Auto rubate, droga e speronamenti. Nei guai un ventenne agordino

Una notte e una mattinata di follia, tra auto rubate, incidenti ed inseguimenti. Scene da film americano e guai in vista per un ventenne agordino, arrestato ieri dai carabinieri di Bressanone per resistenza a pubblico ufficiale e furto, dopo aver creato scompiglio in mezza Val d’Isarco. Ma il giovane dovrà rispondere anche di una lunga serie di altri reati.

Tutto è iniziato mercoledì sera, quando una donna ha chiamato il 112: un automobilista era scappato dopo un incidente avvenuto a Bressanone, lungo l’argine dell’Isarco. L’ottima memoria della donna, che ha fornito marca, modello e targa del veicolo fuggito, e una precisa descrizione del conducente (un giovane sulla ventina). Ad un rapido controllo della centrale operativa, l’auto (una berlina tedesca) è risultata rubata la mattina stessa, in un comune a sud di Trento.

Rintracciata l’auto, il giovane alla guida, sentito il suono delle sirene, ha lasciato l’auto in un parcheggio ad un paio di chilometri dal luogo del sinistro e si è allontanato a piedi. Per pochi passi: identificato, è stato fermato dai carabinieri. Si trattava di un giovane agordino di vent’anni, già noto alle forze dell’ordine. Interrogato sulla sua presenza in zona, il ragazzo ha tergiversato, insospettendo gli agenti, che lo hanno perquisito: nelle tasche la chiave dell’auto rubata, otto grammi di hashish e 400 euro in contanti. Il ventenne è stato condotto in caserma e denunciato a piede libero per ricettazione, false dichiarazioni sull’identità, detenzione di droga ai fini di spaccio, rifiuto sottoporsi al controllo sull’assunzione di stupefacenti e, infine, sanzionato per guida senza patente. Poi, in piena notte, redatti tutti i previsti atti, è stato rilasciato.

Ma non è finita qui. Ieri mattina, attorno alle 10.30, i carabinieri di Luson hanno incrociato una grossa berlina tedesca (risultata rubata a Bressanone alle 8 di mattina) che procedeva a forte velocità. E’ partito così un inseguimento a folle velocità, durato circa 10 chilometri e il coinvolgimento di quattro autopattuglie.
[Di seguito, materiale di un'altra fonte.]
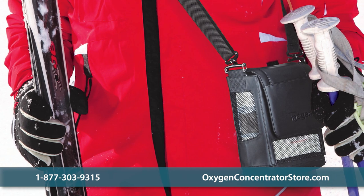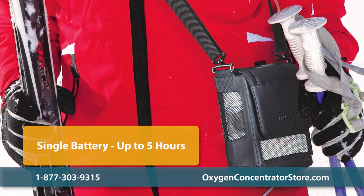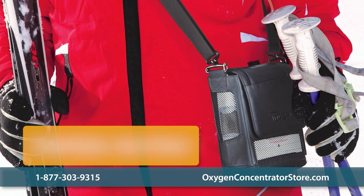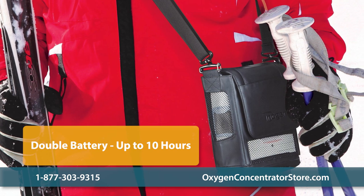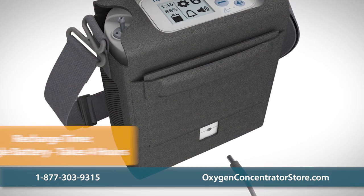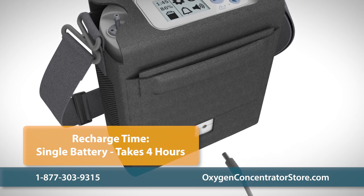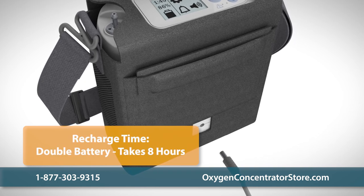The unit is designed for active use and features a long-lasting battery. The single battery can last up to five hours and the double battery can last up to 10 hours on a setting of two. The batteries also feature a faster-than-average recharge time, with small batteries recharging in around four hours and large batteries recharging in eight.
Alla fine a Bressanone il pirata della strada si è trovato la strada sbarrata da due auto dei carabinieri e si è dovuto fermare. Ma, ingranata la retromarcia, ha speronato la gazzella dei carabinieri che lo stava chiudendo da dietro, prima di terminare la sua corsa contro un albero. Sceso dall’auto ha tentato la fuga a piedi, ma è stato subito placcato dai militari. Sorpresa: era lo stesso giovane agordino della sera precedente.

Condotto in caserma e perquisito nuovamente, è stato trovato in possesso di altri quindici grammi di droga. Per lui è quindi scattato per furto aggravato e resistenza a pubblico ufficiale. Oltre a questi, gli vengono anche contestati i reati di danneggiamento aggravato, detenzione di droga ai fini di spaccio, rifiuto dell’accertamento per le sostanze stupefacenti nonché oltre alla sanzione amministrativa per guida senza patente e diverse altre contestazioni per violazioni delle norme sulla circolazione stradale. Sarà inoltre proposto per un divieto di ritorno nei comuni di Varna e Bressanone. Ora si trova in carcere a Bolzano.